Arbuscular mycorrhizal fungi Exotic plants from burned and non-burned areas exhibited levels of AM colonization 50% greater than native plants. Bioassay and field-collected plants exhibited similar levels of AM colonization and there were no significant treatment differences.
The total biomass of bioassay plants grown in soil from burned slash sites averaged 19% greater than plant biomass from other sites, and had 27% more phosphorus in their shoot tissue; however, tissue nitrogen contents were similar.

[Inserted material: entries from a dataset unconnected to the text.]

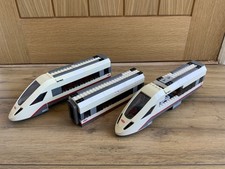 Lego Train 60051 Carriages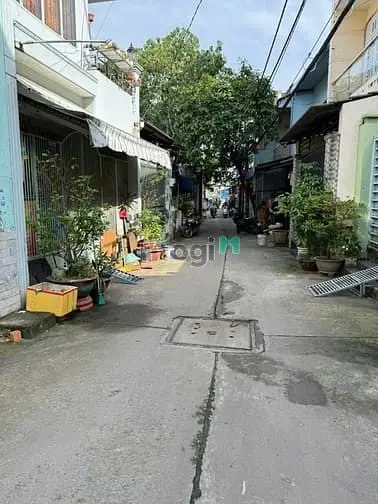 Chỉ Nhỉnh 4 Tỷ Hxh 6M Chiến Lược Sát Q6 – 45M2 (4.3X10.5) – 2 Tầng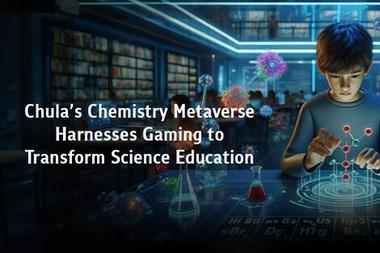 출라롱꼰대학교 화학 메타버스, 게임으로 과학 교육 혁신하다
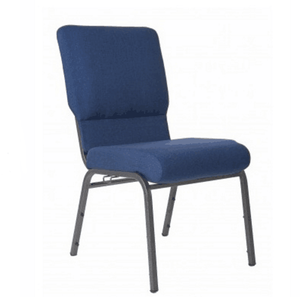 Оптовая продажа, Подержанный мягкий переплетенный стул для церкви, дешевый церковный стул, металлический для продажи - Product Image 6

Conclusions: These results suggest that either fire did not reduce AM inoculum potential, or that AM fungal populations had recovered during the interim 5 years after the slash was burned. Changes in understorey plant communities and increases in exotic species as a consequence of burning could result from soil changes (e.g. species of AM fungi present), reduction of native species in the seed bank or greater dispersal ability of exotic plants compared with native plant species. The authors suggest that burning slash piles in pinyon–juniper woodlands can result in plant communities that are persistently dominated by exotic species. Management approaches that utilize fuel wood harvest without burning remaining woody debris, or incorporation of seeding of native plants may achieve the desired results in terms of conservation objectives.